16 Oct 2014

Salon du nucléaire : la France s’obstine à promouvoir une industrie en déclin

Category: National,Région,SociétéGérard - votre Editeur @ 13:10

Fukushima n’a pas refroidi les ardeurs de l’industrie nucléaire française à poursuivre son business, coûte que coûte. En organisant le premier salon mondial du nucléaire qui se tient à Paris-Le Bourget, elle cherche à exporter son « savoir-faire », alors que ses coûts de production ne cessent d’augmenter.
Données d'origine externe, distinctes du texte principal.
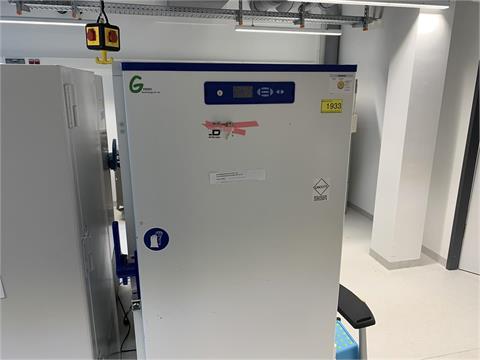 Tiefgefrierkühlschrank B medical systems UF 755 GG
Europe Écologie – Les Verts Basse-Normandie trouve choquante la tenue d’un tel salon, alors même que les députés viennent d’adopter le projet de loi sur la transition énergétique. Rappelons que grâce au travail des élus régionaux Europe Écologie – Les Verts, le conseil régional de Basse-Normandie a refusé l’accord d’une subvention de 35000 euros à Nucleopolis pour sa participation à ce salon.

Dans notre région la plus nucléarisée d’Europe, l’EPR en construction à Flamanville est à lui seul un révélateur de la dérive d’une filière en déclin. On sait désormais que son entrée en service prévue en 2016 ne sera en fait qu’une mise à l’essai, la production à plein régime n’étant programmée qu’en 2018 : soit un retard de 6 ans et un surcoût de 6 milliards d’euros, ce qui équivaut à trois fois le devis de départ! Sans oublier les deux accidents du travail mortels, les graves infractions au code du travail (qui feront l’objet d’un procès à Cherbourg) et les dysfonctionnements à répétition. Un chantier à l’image de son cousin finlandais, qui a pris 9 ans de retard et coûtera 8 milliards d’euros, soit plus du double prévu.

Au-delà du gouffre financier qu’elle engendre, l’énergie nucléaire pose des problèmes de sécurité considérable. Longtemps nié par les autorités françaises, ce risque ne peut plus être ignoré depuis la catastrophe de Fukushima. De nombreuses questions restent sans réponses satisfaisantes, en cas d’accident nucléaire survenant dans notre pays : comment évacuer la population alors que seul un plan est prévu dans les 10 km autour des centrales ? Quels territoires condamnés en zone interdite ? Comment décontaminer ? (Dossier de Science & Vie, sept. 2014)

Face à un tel danger, il n’est plus permis de croire que le nucléaire est une industrie d’avenir. D’autant que le problème de ses déchets n’est pas résolu. Le retraitement ne permet pas d’éliminer les résidus les plus radioactifs qui resteront extrêmement dangereux pendant plusieurs milliers d’année, malgré leur stockage, à La Hague ou ailleurs. Et les rejets en mer de liquide radioactif, tel que le tritium, sont autorisés en quantité importante…

Pour Europe Écologie – Les Verts Basse-Normandie, l’urgence est avant tout de réduire la facture énergétique en encourageant la rénovation du bâti et en bannissant toute forme de gaspillage d’énergie. Le nucléaire coûte très cher à la France, y compris sur le plan sanitaire. Il est temps de reconsidérer notre rapport à l’énergie et à l’usage que nous en faisons. Consommer moins mais mieux, voilà un vrai défi que l’État doit aider ses concitoyens à relever.

Il est également primordial de favoriser le développement des énergies propres et renouvelables, créatrices d’emploi et aussi pertinentes sur le plan écologique que sur le plan économique. Sur ce terrain la France reste en retard par rapport à ses voisins européens, alors même que les progrès techniques permettent une pluralité de solutions toujours plus pointues. Éolien, hydrolien, hydraulique, biogaz et solaire doivent occuper le premier plan pour, à terme, remplacer le nucléaire ne nous promettant qu’un avenir bien sombre.